Questo il progetto ambizioso presentato oggi nella sede comunale di Villa Gioia, nato da un accordo tra Università dell’Aquila e Comune.

L’idea era nata una decina di anni fa all’interno del dipartimento di Archeologia e Storia antica dell’Ateneo aquilano. A lanciarla Fabio Redi, professore ordinario di Archeologia medievale, e doveva rientrare nei progetti celebrativi del 750° anniversario della fondazione del capoluogo (2004).

“È uno strumento importante che mettiamo in mano agli amministratori locali. Non si tratta di ricostruzioni di fantasia ma basate su elementi concreti che la storia ha lasciato come segni ancora leggibili del passato”, ha commentato Redi.

L’obiettivo del lavoro realizzato da Redi in collaborazione con un folto gruppo di lavoro della facoltà di Lettere, è la presentazione di monumenti significativi del centro storico dell’Aquila e  non solo, nella loro storia. Le strutture vengono rese fruibili in tre dimensioni, permettendo un viaggio virtuale dello spettatore all’interno di capolavori dell’architettura locale.

L’aspetto forse più importante del progetto è rappresentato dalla ricostruzione della stratigrafia degli alzati, secondo le modalità proprie degli studi archeologici, dando così la possibilità di conoscere la vita della città, la sua evoluzione, la sua crescita nel corso della storia.

Il progetto appare particolarmente significativo oggi, dal momento che la stragrande maggioranza delle opere sono inaccessibili perché rese inagibili dal sisma del 6 aprile 2009. Il tour virtuale all’interno degli edifici di edilizia sacra e civile apre così alla conoscenza più intima del patrimonio culturale non solo per gli addetti ai lavori, ma anche per il grande pubblico.
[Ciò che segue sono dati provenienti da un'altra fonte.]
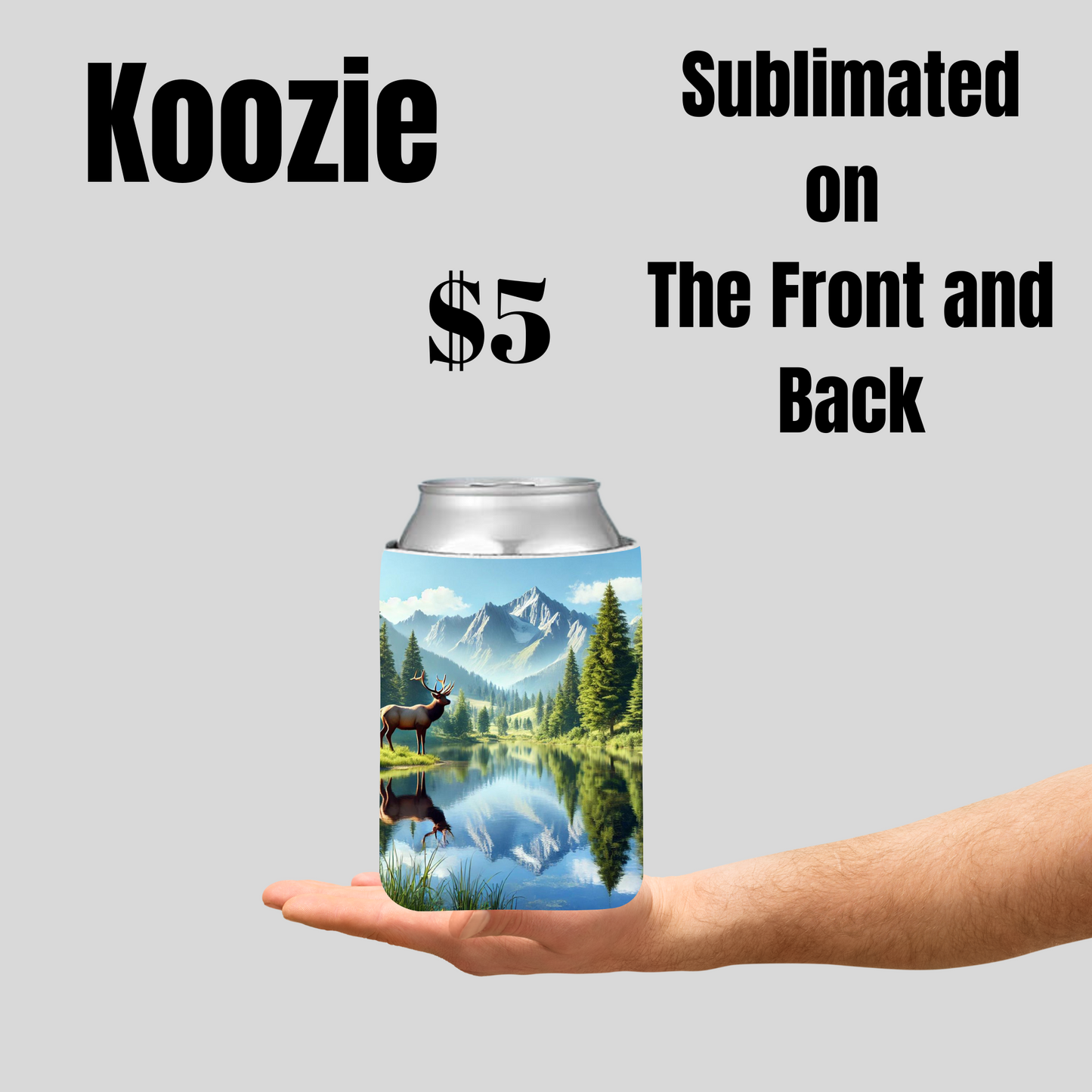 Nature-Inspired Sublimated Koozies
All’evento hanno partecipato, oltre al docente, anche il sindaco, Massimo Cialente, e l’assessore alla Cultura Stefania Pezzopane.
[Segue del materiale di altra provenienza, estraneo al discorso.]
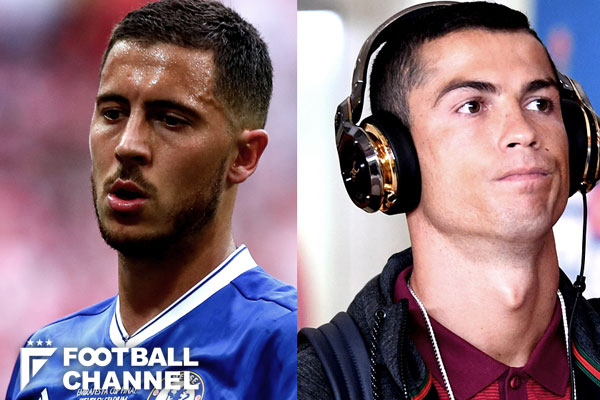 エデン・アザール、クリスティアーノ・ロナウド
Dopo il terremoto, infatti, il progetto è stato convenzionato dal Comune, che ha colto l’occasione per fare sua un’iniziativa che può avere riscontri importantissimi non solo dal punto di vista squisitamente culturale e turistico, ma sopratutto nell’ambito dei lavori di ricostruzione.

“Questo progetto – ha commentato Cialente – risponde all’esigenza di presentare al grande pubblico L’Aquila per incentivare le donazioni, in particolare per la ricostruzione di edifici che non godono di finanziamenti certi”.

“Per questo scopo – ha aggiunto – era nato il sito ‘Noi L’Aquila’, seppure con grandi difficoltà tecniche. Finché abbiamo scoperto che sul territorio c’era una grande miniera: l’Università e il gruppo del professor Redi che ci ha fatto questo immenso dono”, ha concluso.

L’assessore Pezzopane ha invece insistito sul valore di “banca dati” che tale iniziativa mette a disposizione del Comune e del suo “scopo divulgativo per il grande pubblico e non solo per gli addetti ai lavori”, auspicando un coinvolgimento nell’iniziativa del vice commissario alla Ricostruzione dei beni artistici, Luciano Marchetti.

“Questo progetto – ha detto l’assessore – ha come primo obiettivo la conoscenza storica della città ma anche un turismo intelligente, volto alla conoscenza e non più ai ‘tour delle macerie’. Oltretutto quest’idea potrebbe avere conseguenze importanti in particolare ai fini della candidatura dell’Aquila a Capitale della cultura 2019”.

In conclusione il primo cittadino, la Pezzopane e Redi hanno auspicato la realizzazione di “lavori di indagine capillare su tutto il suolo della città, da effettuare per mezzo di una collaborazione tra architetti, ingegneri, geologi, archeologi e amministratori locali, finalizzati alla grande ricostruzione”. (l.b.)